Asian inspired Bei Lounge brings a new flare
Author: Andrew Coussens
Photographer: Emma Thompson
The word “bei” in Chinese means “cup,” a perfect signifies for Boise’s new Asian fusion lounge adjacent to Yen Ching, a longtime traditional Boise favorite. I’ve known Jeremy and Keri Chou, the owners of Bei Lounge, for several years now, so I was enthused to hear about their new establishment. I guessed that the lounge would offer a modern twist (on the rocks) to the revered culinary legacy that the Chou family started in 1986 with the restaurant Yen Ching. My first visit to Bei Lounge exceeded my expectations. As its Chinese name implies, Bei is an ideal place to enjoy an après work Asian-inspired signature martini or cocktail accompanied by a savory appetizer or two.

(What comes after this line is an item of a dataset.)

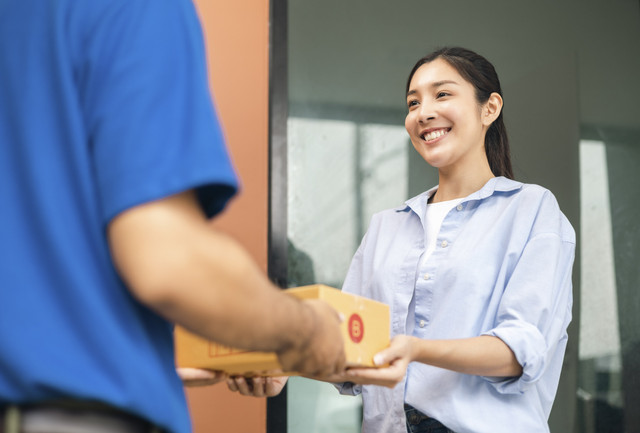 66% Perempuan Lebih Utamakan Beli Produk Asli, LazMall Bisa Jadi Solusi. Foto: Shutterstock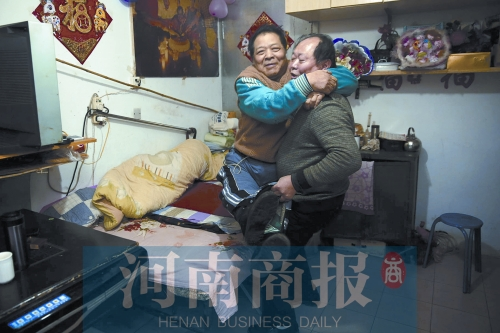 2015年1月15日，老鄰居抱起180斤重的高新海去坐三輪車，準備出去轉轉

When Yen Ching first opened for business, Boise only had a handful of restaurants in the greater downtown area. My, how times have changed! Most Boiseans can probably instantly name their favorite Yen Ching dish: My all-time favorite was and is the spicy General’s Chicken. Boise has come a long way in three decades—and the restaurant scene is now much more competitive. I knew that if the Chou family waited this long to open a lounge attached by a door to their family’s restaurant, they had something truly special planned. It didn’t take long for my suspicions to be confirmed.
When I walked in the door, I instantly felt myself relax. The lounge itself is an inviting modern space with an open and airy feel. The colors are soothing with bamboo accented walls and surfaces. Light streams in through the large windows facing Ninth Street, and the décor has clean simple lines with a minimalist Asian theme. It’s a relaxed and relaxing place to wait for a table at Yen Ching next door, or to visit as a destination on its own.
Bei Lounge prides itself on crafting signature martinis and cocktails, often with a local theme. One of the bartenders, Annemarie, developed a gin martini called the Greenbelt in honor of the 50th anniversary of the construction and unveiling of Boise’s treasured river paths. Just like the name, the drink is green, earthy, and quite refreshing. It’s made with Bombay Gin, celery and lime juice, house made simple syrup, and mint strained into a martini glass. In addition to specialties like the Greenbelt, Bei has eight other martinis and cocktails, each exhibiting their own unique and exciting flavors. A full bar allows patrons to enjoy their favorite drink, even if it isn’t on the menu.
I was pleasantly surprised to learn that some of the dishes on Bei’s menu were inspired by old family recipes. The appetizers on the menu were very distinctive, which made it hard to choose just one. When I visited the lounge, Keri recommended one of her favorites called the Bibimbap Bowl. She told me that Jeremy’s mother, affectionally called Nai Nai by her family (which also is Chinese for “grandmother”), inspired the dish. When the server brought the bowl to my table, it was clear that this wasn’t your ordinary appetizer. The bowl is a wonderful blend of hot and cold ingredients including vegetables, tasty bulgogi, and a fried egg all stacked around the rim of the bowl and presented over white rice. The best part of the Bibimbap Bowl was the fermented red bean sauce, which added the perfect amount of heat to the dish.